Philosophy and Religion / Yoga Vāsistha / Yoga-Vāsistha (6.2): Nirvāna-Prakarana

    Válmiki

    Yoga-Vāsistha, Book 6: Nirvāna-Prakarana (On ultimate extinction) - part 2. Chapter 123 - The King's Excursions, on all Sides

    Vasistha related: Thus they proceeded onward, to explore into the visible phenomena, exposed before them by Ignorance, 1; and continued to walk on foot, over the watery maze and the islands it contained.

    They passed over the ocean to some island, and then from that island to the sea again; and in this manner they traversed on foot, over many a mountain and wilderness in interminable succes­sion.

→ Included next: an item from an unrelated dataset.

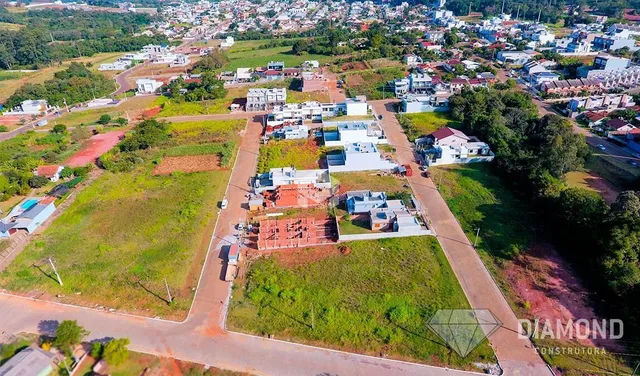 Vista aérea de um terreno com áreas verdes em Lajeado, Brasil.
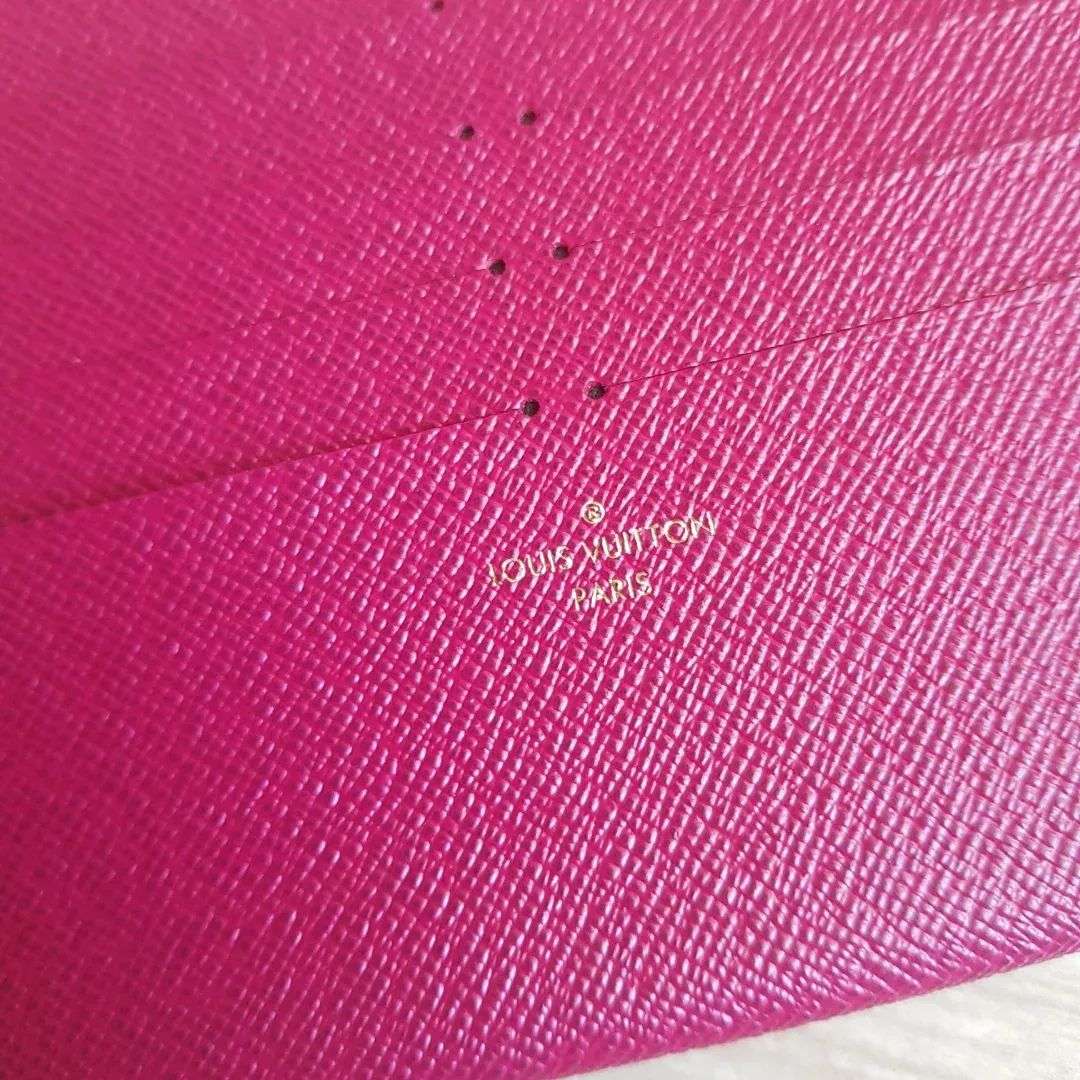 Louis Vuitton Cardholder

    Then as the king was proceeding toward the western main, he was seized and devoured by a voracious fish, which was as the undying breed of Visnu's fish, and as fleet as a boat in the stream of Vitasta Beyah. 2

    The fish fled with him in his belly to the milky ocean; but finding him to hard for his digestion, he bore him in his bowels to a great distance in another direction.

    He was then borne to the saccharine ocean on the south, and was there cast out in the island of Yaksas; where he was overpowered to the love of a female fiend by her art of enchantment, (or) where he was enchanted into the amour of a female Yaksī, by her skill in sorcery. 3

    He then went towards the east, and passing by the Ganges, he killed a shark that had pursued him, and arrived at last at the district of Kānyakubja the modern Kanpur.

    Then proceeding towards the north, he came to the country, of Uttara-kurus, where he was edified by his adoration of Śiva, and became exempted from the fear of death, in all his wanderings on all sides of the earth.

    In this way, travelling long and afar, both by land and sea; he was often attached by wild elephants on the boundary mountains, and repeatedly gorged and disgorged by sharks and alligators in the seas.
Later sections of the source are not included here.